(Image-caption web data)
»»
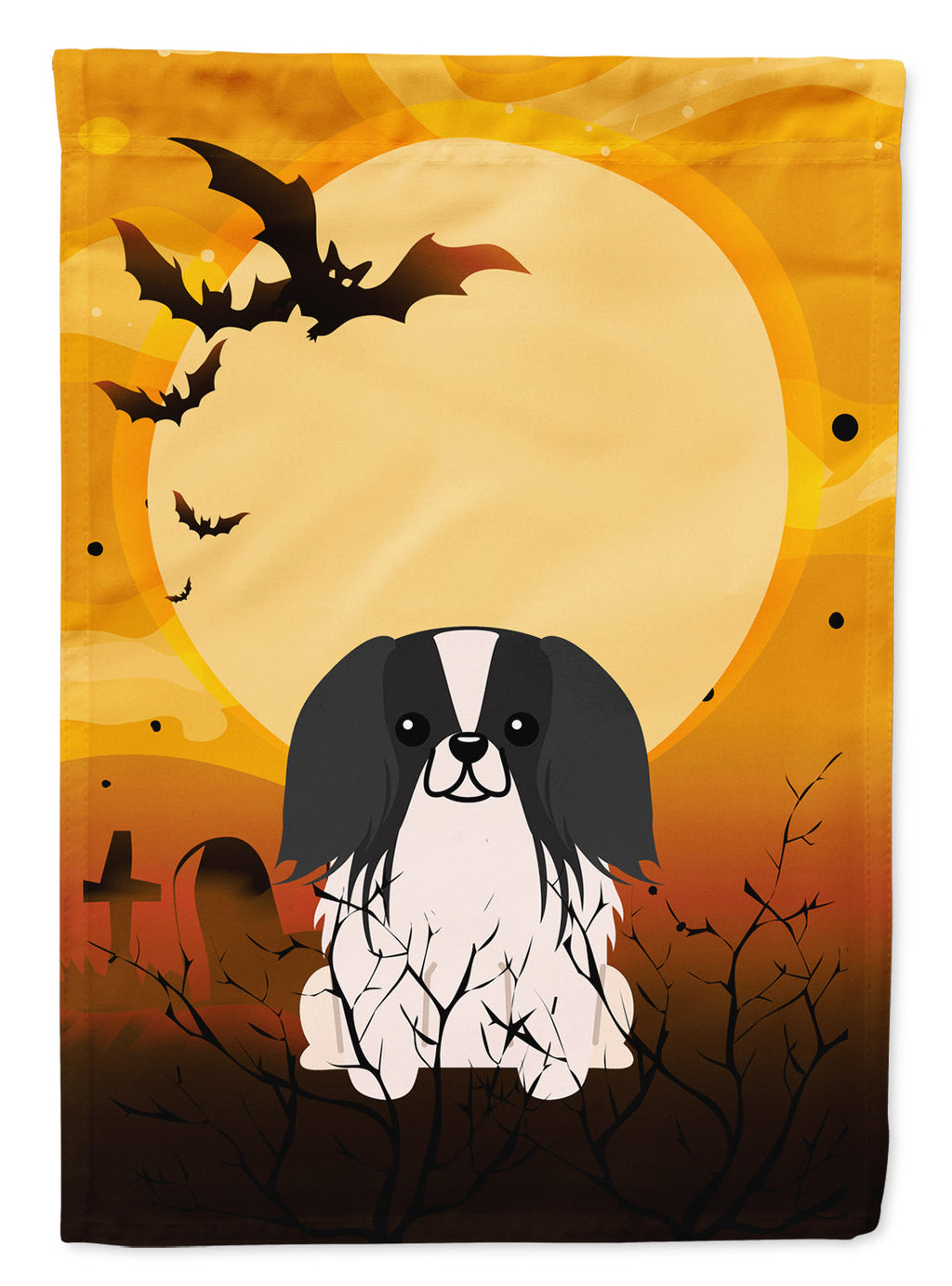 Halloween Pekingese Black White Garden Flag Mailbox Decorative Yard Banner Outside Patio Artwork for Flower Beds, Garden Size, Multicolor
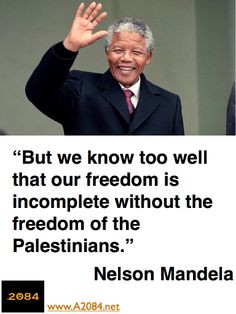 Nelson Mandela Quote on Palestine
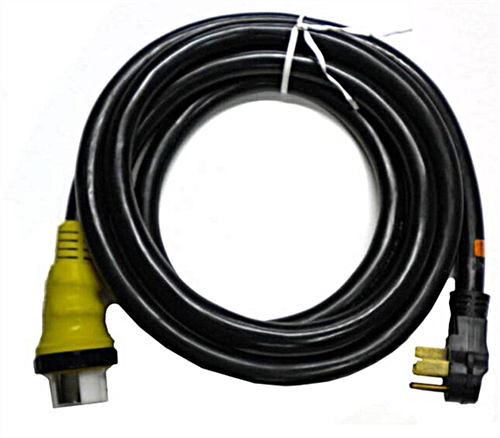 RV Pigtails 72551-2 LT 50 Amp Extension Cord with Marinco End 18'', Lighted Ends Questions & Answers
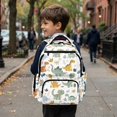 thumbnail image 4 of Aplkyhs Backpack for Girls Boys Age 6-18 Just A Girl Who Loves Football School Bag Lightweight Water Repellent Student Bookbag Cartoon Dinosaur, 4 of 7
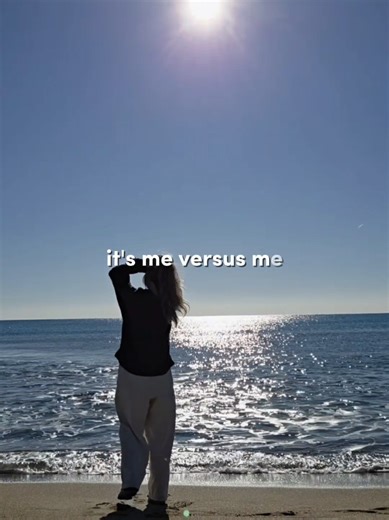 It's me versus me ... 🤍 from one healing heart to another #healingjourney #youarenotalone #youmatter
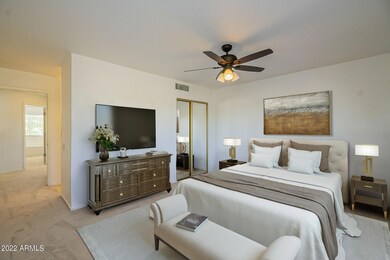 Primary Bedroom Staged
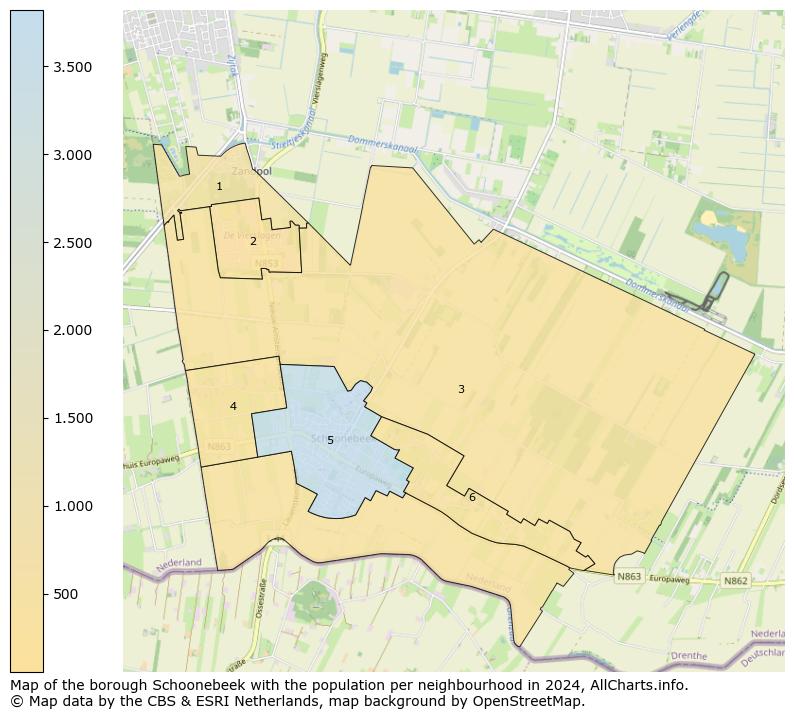 Image of the borough Schoonebeek at the map. This image is used as introduction to this page. This page shows a lot of information about the population in the borough Schoonebeek (such as the distribution by age groups of the residents, the composition of households, whether inhabitants are natives or Dutch with an immigration background, data about the houses (numbers, types, price development, use, type of property, ...) and more (car ownership, energy consumption, ...) based on open data from the Dutch Central Bureau of Statistics and various other sources!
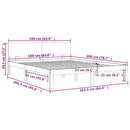 sengeramme 160x200 cm massivt fyrretræ hvid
««
# ABOUT THIS TASK:
Each line above starting at the one holding "RV Pigtails 72551-2" and ending at the one holding "Primary Bedroom Staged" should be set down exactly as it stands, both ends included, with no pictures.

# EXERCISE ANSWER:
 RV Pigtails 72551-2 LT 50 Amp Extension Cord with Marinco End 18'', Lighted Ends Questions & Answers
 thumbnail image 4 of Aplkyhs Backpack for Girls Boys Age 6-18 Just A Girl Who Loves Football School Bag Lightweight Water Repellent Student Bookbag Cartoon Dinosaur, 4 of 7
 It's me versus me ... 🤍 from one healing heart to another #healingjourney #youarenotalone #youmatter
 Primary Bedroom Staged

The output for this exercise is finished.